▶ _DATASET EXCERPT_:
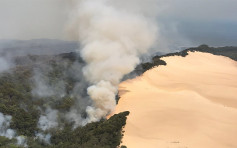 澳洲弗雷泽岛大火烧6周未停 热浪恐加剧火势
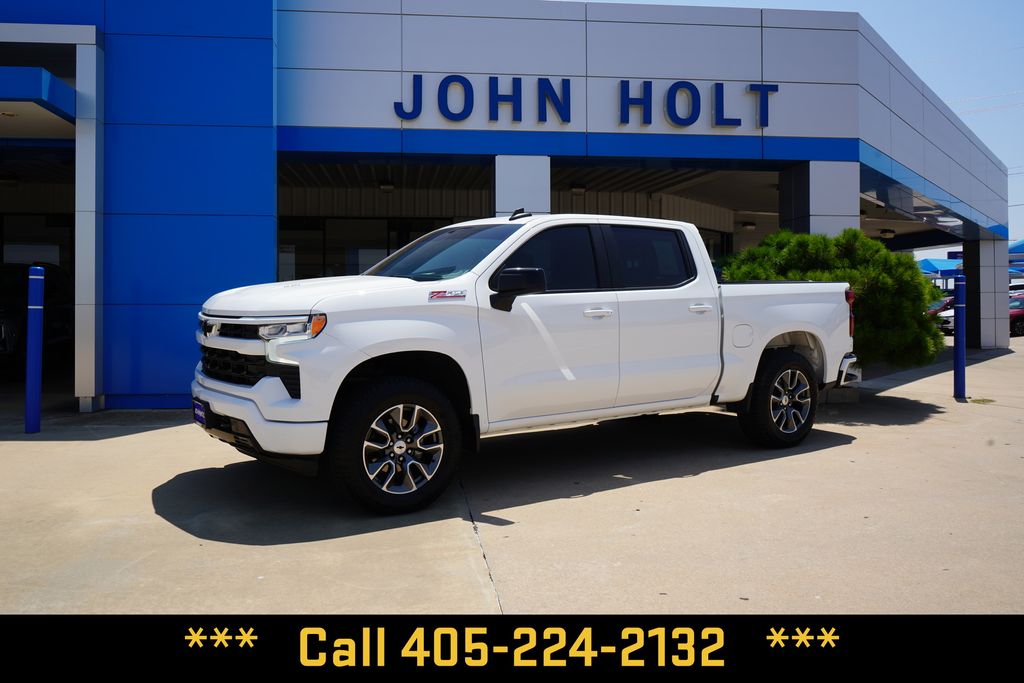 Summit White 2024 Chevrolet Silverado 1500 Pickup Truck Four-Wheel Drive Automatic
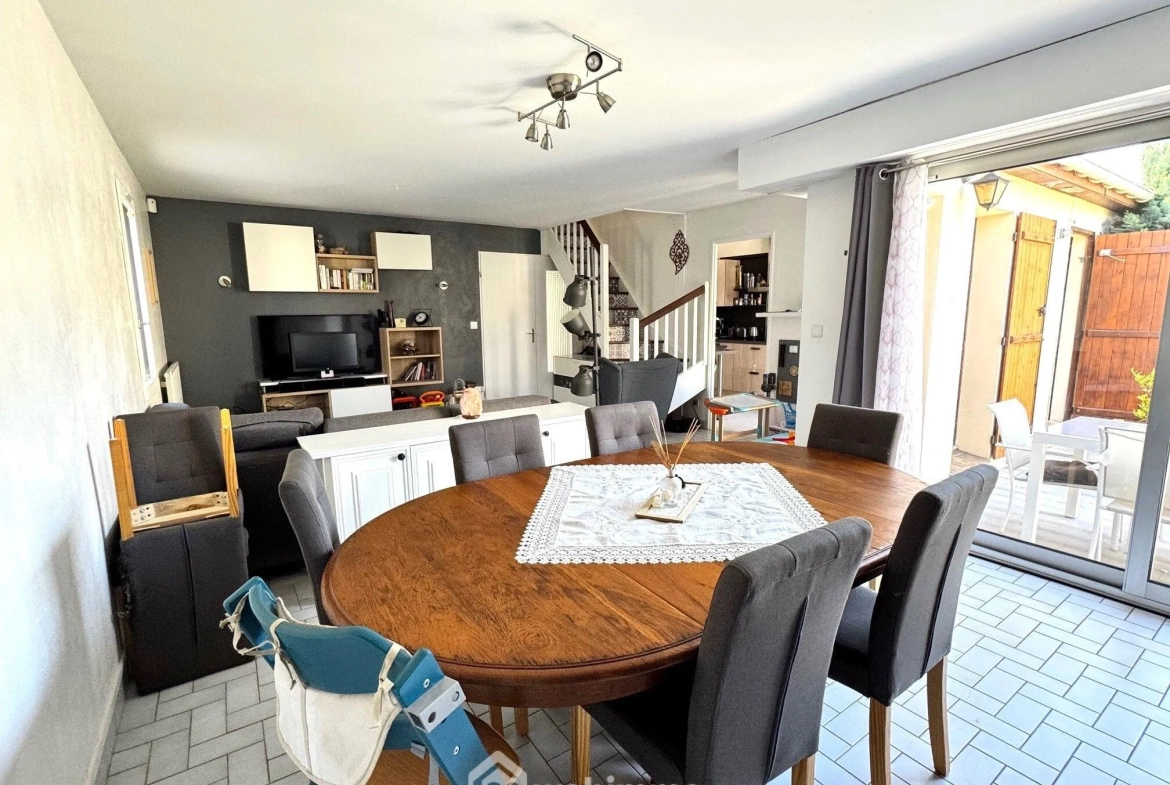 Maison à vendre de 90 m² à Savigny-le-Temple, proche gare RER D, avec jardin et garage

▶ _WHAT YOU SHOULD DO_: Everything in the listing above must be retyped exactly, except for the pictures.

▶ _FINAL ANSWER_:
 澳洲弗雷泽岛大火烧6周未停 热浪恐加剧火势
 Summit White 2024 Chevrolet Silverado 1500 Pickup Truck Four-Wheel Drive Automatic
 Maison à vendre de 90 m² à Savigny-le-Temple, proche gare RER D, avec jardin et garage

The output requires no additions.